Exercise instructions. Whenever a picture appears in the records, exclude it, and transcribe everything else exactly.

╭─ Source material

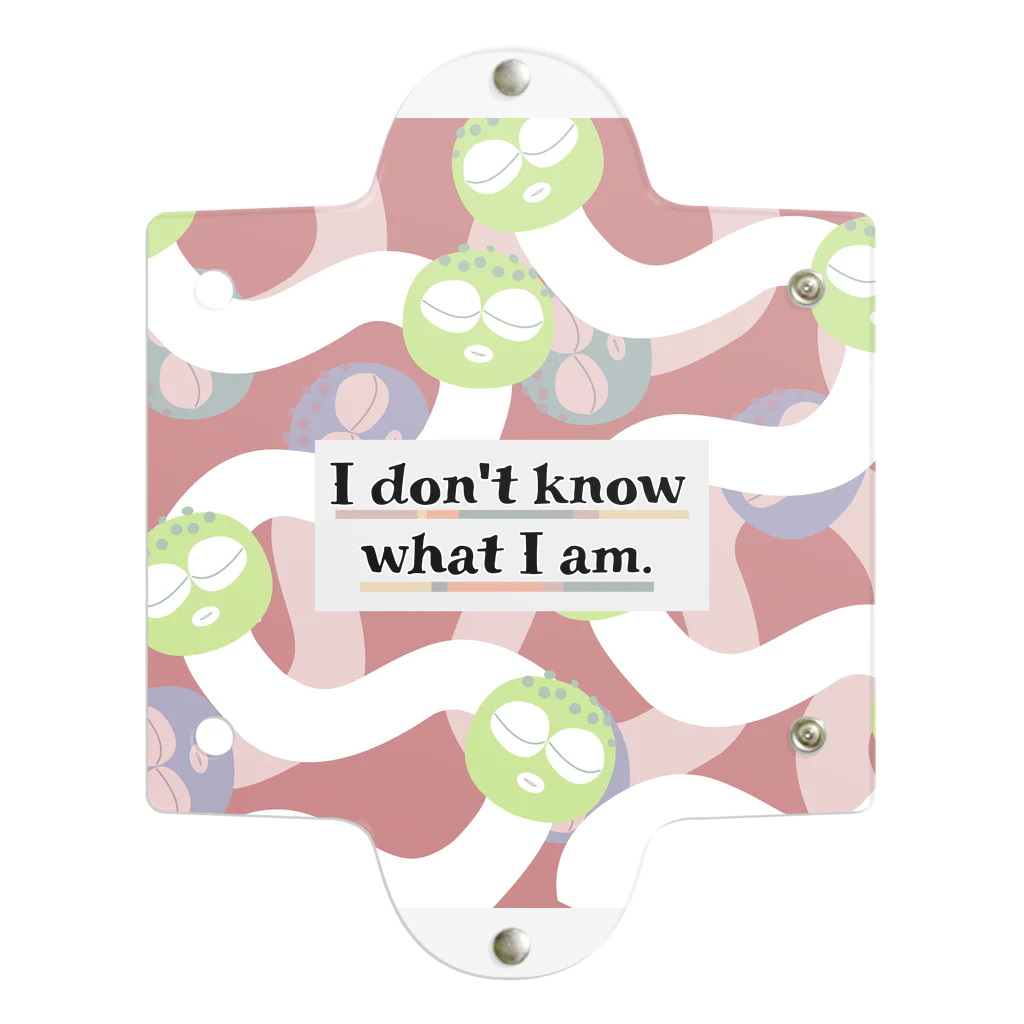 両手にパン🍞のI don't know what I am（ver.2） Clear Multipurpose Case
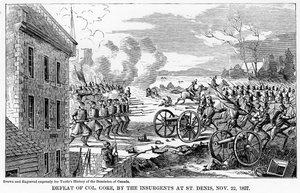 Oberst Gores nederlag, av opprørerne ved St Denis, 22. november 1837, 1877 av Unbekannt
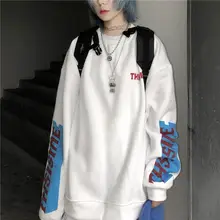 Oversize sweatshirt women o-neck thickening Harajuku tops winter Korean loose letters BF all-match full-sleeved academy shirt 
Oversize sweatshirt women o-neck thickening Harajuku tops winter Korean loose letters BF all-match full-sleeved academy shirt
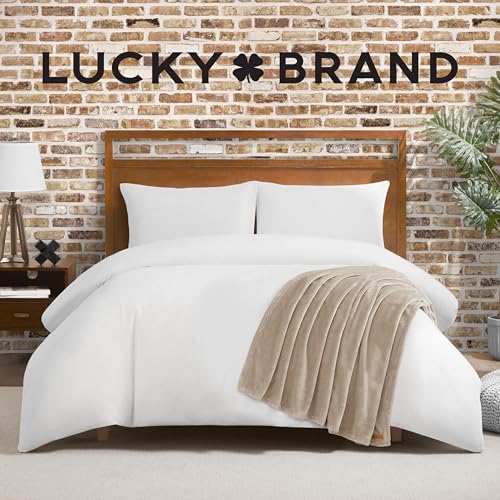 Lucky Brand Solid Plush 50"x70" Throw Blanket, Doe Brown - Soft, Cozy, and Timeless Comfort - Image 5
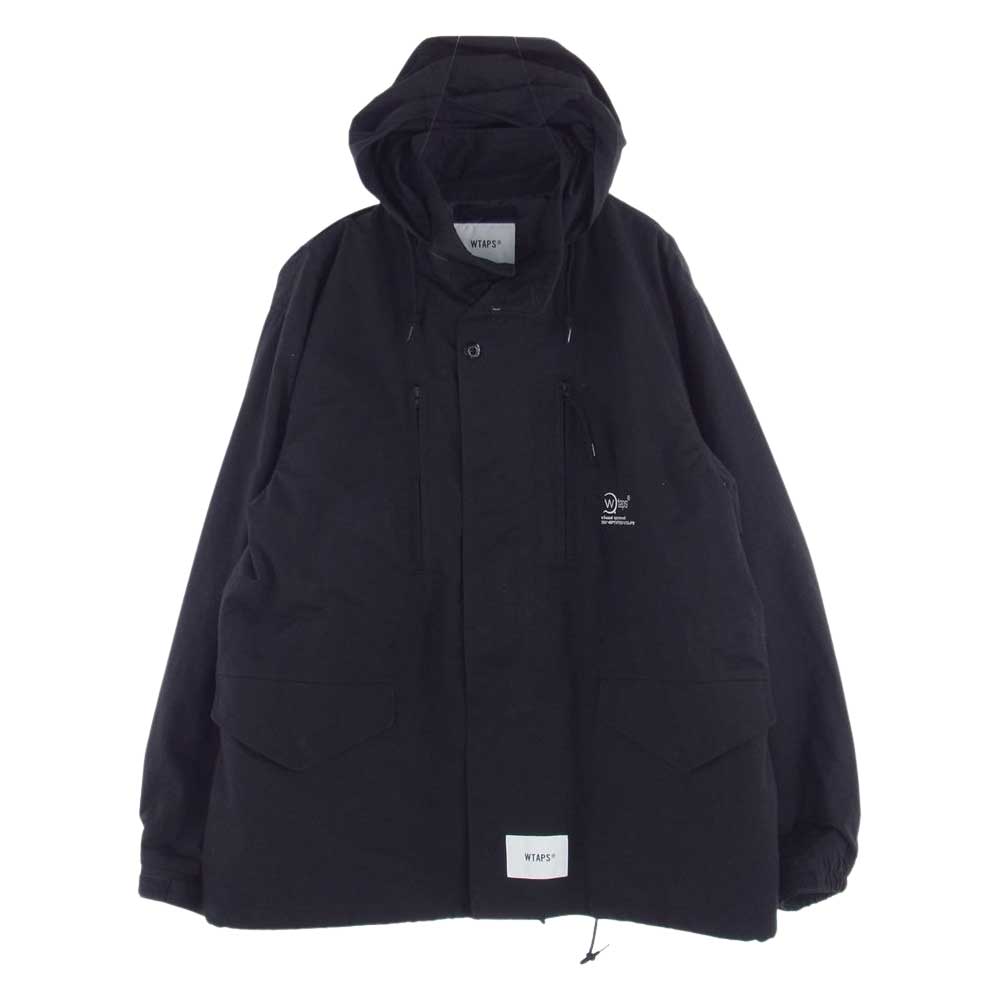 WTAPS ダブルタップス 21AW 212WVDT-JKM05 JACKET NYCO WEATHER ウェザー ナイロン マウンテン パーカ ジャケット ブラック系 2【中古】
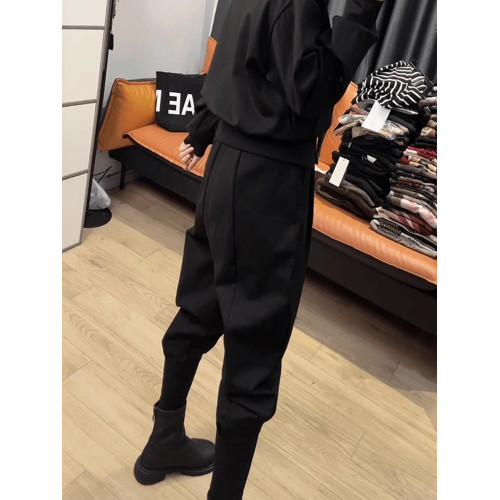 今年流行爆款褲子女2025秋冬新款蘿蔔褲大碼胖mm顯瘦束腳馬丁靴褲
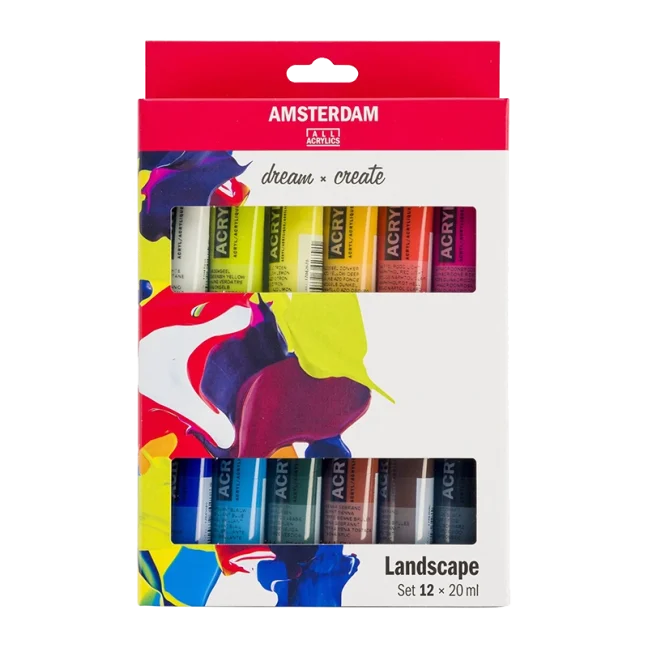 Amsterdam akril festékek - 12 x 20 ml készlet - Landscape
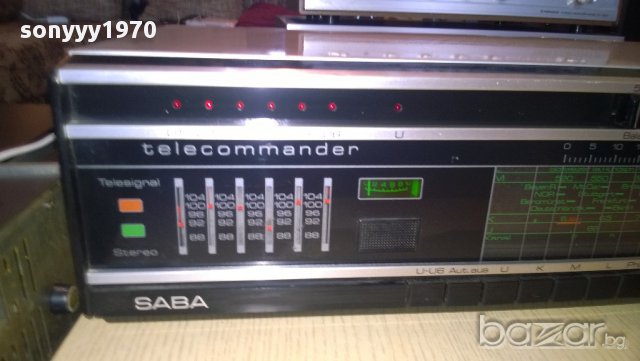  saba hi-fi studio 8061 telecommander k-внос швеицария, снимка 2 - Ресийвъри, усилватели, смесителни пултове - 9167618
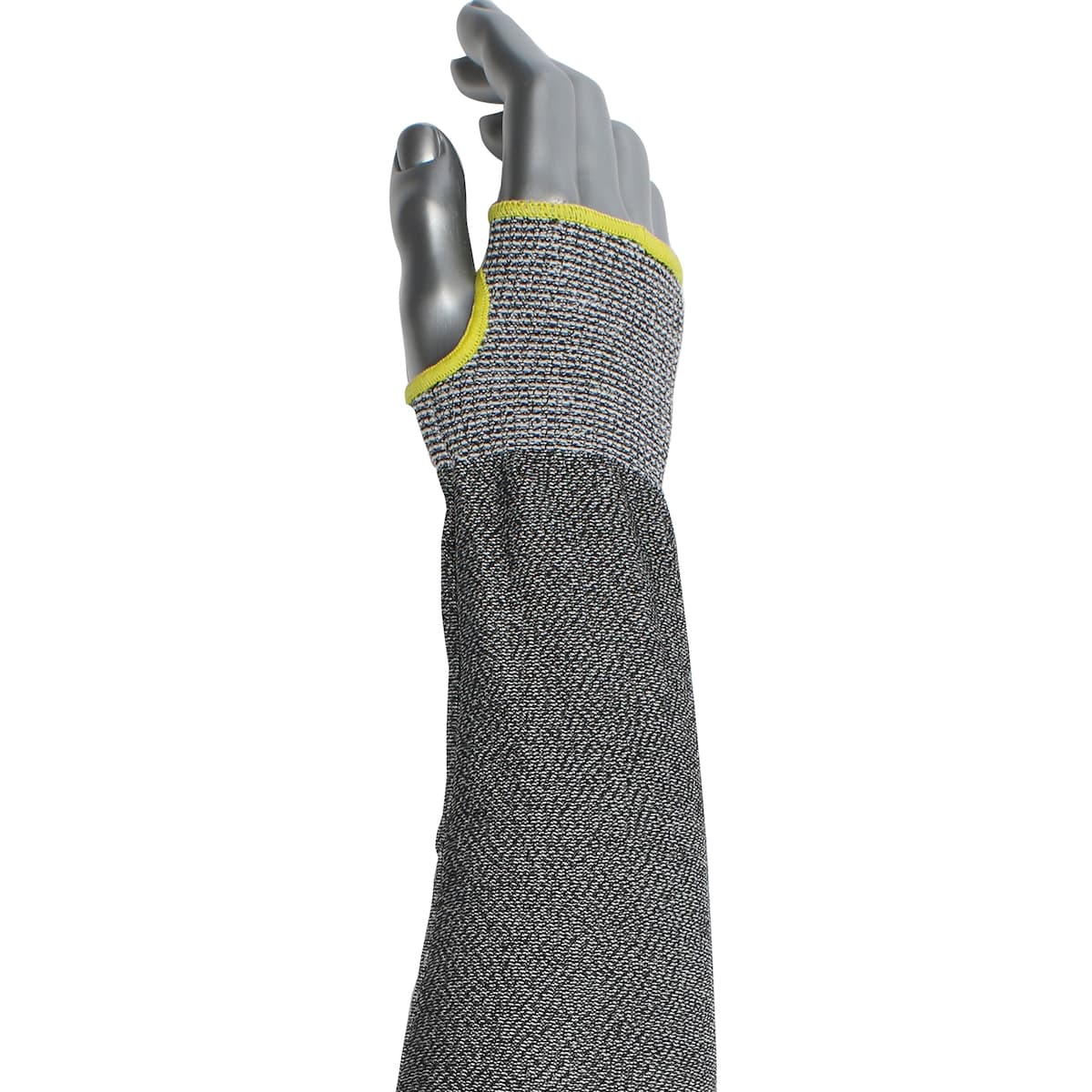 ATA/ HPPE Blended Sleeve with Thumb Hole, Gray (20-S13ATA/PE4-T) - 18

╰─

Written response.
 両手にパン🍞のI don't know what I am（ver.2） Clear Multipurpose Case
 Oberst Gores nederlag, av opprørerne ved St Denis, 22. november 1837, 1877 av Unbekannt
 Oversize sweatshirt women o-neck thickening Harajuku tops winter Korean loose letters BF all-match full-sleeved academy shirt 
Oversize sweatshirt women o-neck thickening Harajuku tops winter Korean loose letters BF all-match full-sleeved academy shirt
 Lucky Brand Solid Plush 50"x70" Throw Blanket, Doe Brown - Soft, Cozy, and Timeless Comfort - Image 5
 WTAPS ダブルタップス 21AW 212WVDT-JKM05 JACKET NYCO WEATHER ウェザー ナイロン マウンテン パーカ ジャケット ブラック系 2【中古】
 今年流行爆款褲子女2025秋冬新款蘿蔔褲大碼胖mm顯瘦束腳馬丁靴褲
 Amsterdam akril festékek - 12 x 20 ml készlet - Landscape
  saba hi-fi studio 8061 telecommander k-внос швеицария, снимка 2 - Ресийвъри, усилватели, смесителни пултове - 9167618
 ATA/ HPPE Blended Sleeve with Thumb Hole, Gray (20-S13ATA/PE4-T) - 18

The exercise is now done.